Opposition parties unite to have Zuma removed from office
Democratic Alliance leader Mmusi Maimane says this is not an anti-African National Congress (ANC) agenda but an anti-Zuma move.
JOHANNESBURG – Opposition parties have united in a push to remove President Jacob Zuma from office.
Representatives from the Economic Freedom Fighters (EFF), Democratic Alliance (DA), United Democratic Movement (UDM), Congress of the People, Inkatha Freedom Party, African Christian Democratic Party and other parties met in Johannesburg on Monday to formulate a plan to get Zuma out of office.
Some parties have turned to the courts, while others have filed a motion of no confidence in Zuma.
The EFF’s Dali Mpofu says: “Whether it’s the vote of no confidence, whether it’s this or the court action, our aim is to galvanise society to say that enough is enough.”
At the same time, DA leader Mmusi Maimane, agreeing with Mpofu, says this is not an anti-African National Congress (ANC) agenda but anti-Zuma.
“Nobody is calling for the regime change. We’re very clear that we want somebody that will uphold the Constitution, will ensure that they govern for the interest of the people of South Africa, that’s the suitability criteria.
“And therefore, subsequent to that, I’m sure consultations will take place and nomination will be put forward.”
The IFP’s Albert Mncwango says: “The fact that this debate is not an academic exercise, we can never be wrong because we’re dead serious about the crisis that the country finds itself in.”
BUTHELEZI DISCOURAGES DA
IFP president Mangosuthu Buthelezi said South Africa is at a crossroads and the current crisis will have deep repercussions.
Buthelezi said leaders of opposition parties met in Johannesburg on Monday, where they discussed how to avert a disaster, as a result of what he says is the president failing the country.
The IFP leader has strongly discouraged mass action and has instead called for other avenues to be explored first.
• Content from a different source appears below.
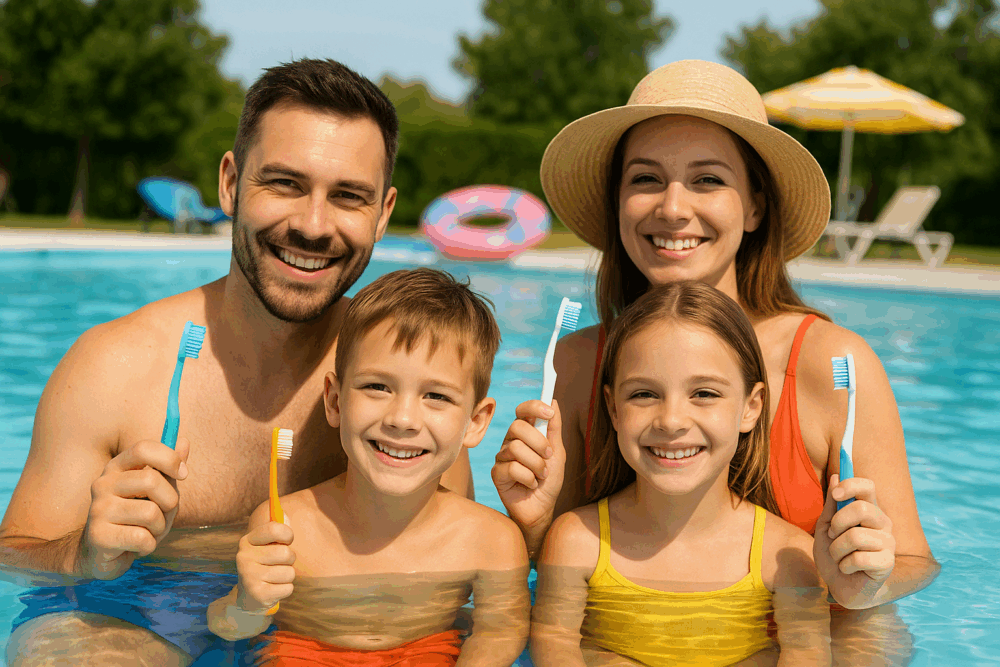 Familia dentro de la piscina con cepillos de dientes | Salud Bucodental | Caries | Dentista Madrid Río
Buthelezi said he has discouraged the DA from marching to the ANC headquarters, Luthuli House, because this will be seen as a provocative act.
“When believing itself to be under siege, the ANC will close its ranks and any ANC leader who may have begun listening to their conscience will listen to the louder voice of what they see as imminent danger.”
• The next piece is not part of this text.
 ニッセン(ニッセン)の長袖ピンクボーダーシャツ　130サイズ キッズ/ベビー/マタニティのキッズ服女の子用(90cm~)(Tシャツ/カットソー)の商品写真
The IFP leader said the country must allow things to play out before taking decisions based on emotions.
“The IFP supports mass action, of course, we support the call to march to the Union Bulidings as suggested. But we believe that mass action should be the last resort as we have not yet seen the results of the request to the Speaker of Parliament.”
The IFP leader has called for calm and for a rational approach, emphasising that whatever happens next could see the loss of life.